The $5.5 billion compensation scheme, designed to offset the future financial impacts of the carbon price, came under further scrutiny last week after the European carbon priced plummeted close to $3 per tonne, well below Australia’s current fixed price of $23.
As Australia’s carbon pricing scheme is set to link into the fluctuating European carbon market in 2015, the Federal Government has been forced to review its budget projections, which were based on a future carbon price of $29.
Under the Clean Energy Act, 41.705 million in free carbon permits will be distributed across brown coal fired generators in the next round of compensation each September until 2016, on top of a collective total of $1 billion paid to Latrobe Valley generators last year.
In a statement to The Express last week, Federal Climate Change Minister Greg Combet re-affirmed the government’s commitment to the compensation scheme, stating the next round of compensation was due to go ahead as planned on 1 September.
Environment Victoria campaigns director Mark Wakeham said Mr Combet’s steadfast commitment to the compensation scheme was ignoring economic realities.
“The government is refusing to acknowledge the changes which are taking place in the world around us; it is not very good policy making when the amount of compensation was assuming a carbon price of $29 per tonne in years to come, (and) it’s clearly not going to be anything like that,” Mr Wakeham said.
“Given the hit they are going to take in the budget over this, you would have hoped they would be making some hard questions on compensation.”
Opposition climate action minister Greg Hunt said a Coalition government would not try and claw back compensation already paid.
“We can’t change what has occurred or will occur under this government but if elected the Coalition will repeal the Carbon Tax immediately,” Mr Hunt said in a statement.
“We will honour those contracts that have already been signed but we will repeal the legislation as quickly as possible.”
The renewed focus on the compensation comes two months after an Environment Victoria commissioned report found power generators could reap up to $5 billion in ‘windfall profits’ from the compensation scheme, by passing on extra carbon price costs to customers.

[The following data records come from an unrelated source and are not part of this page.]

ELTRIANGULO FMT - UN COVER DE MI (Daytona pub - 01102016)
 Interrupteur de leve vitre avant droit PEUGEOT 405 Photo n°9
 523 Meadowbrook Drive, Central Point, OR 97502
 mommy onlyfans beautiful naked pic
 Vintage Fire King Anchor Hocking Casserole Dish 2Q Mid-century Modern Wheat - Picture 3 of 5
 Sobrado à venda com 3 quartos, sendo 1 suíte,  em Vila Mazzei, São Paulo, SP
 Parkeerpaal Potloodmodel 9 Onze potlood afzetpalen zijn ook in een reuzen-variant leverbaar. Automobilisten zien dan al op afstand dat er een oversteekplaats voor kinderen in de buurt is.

However the study was resoundly rejected by the lobby group representing power stations, the Energy Supply Association of Australia, and Mr Combet himself, who argued the report was driven by an “ideological opposition” to brown coal, dismissing the report’s analysis as “simplistic” and “partial”.
However in a renewed counter-claim last week, the report’s author, Bruce Mountain, of Carbon+Markets Consultancy, said he stood by his report, stating he was impartial to the use of brown coal, and saw no merit in the government’s criticism of his study.
A spokesperson for EnergyAustralia, owner operator of Yallourn Power Station, said its operation had sustained a $350 million asset write-down as a result of the carbon price.
“We scaled down generation at the power station last year and have taken on a more flexible approach to how we operate the station in the future,” the spokesperson said.
“Any future compensation is in permits so the value of compensation fluctuates with the permit price; this is likely to be set by the European permit price.”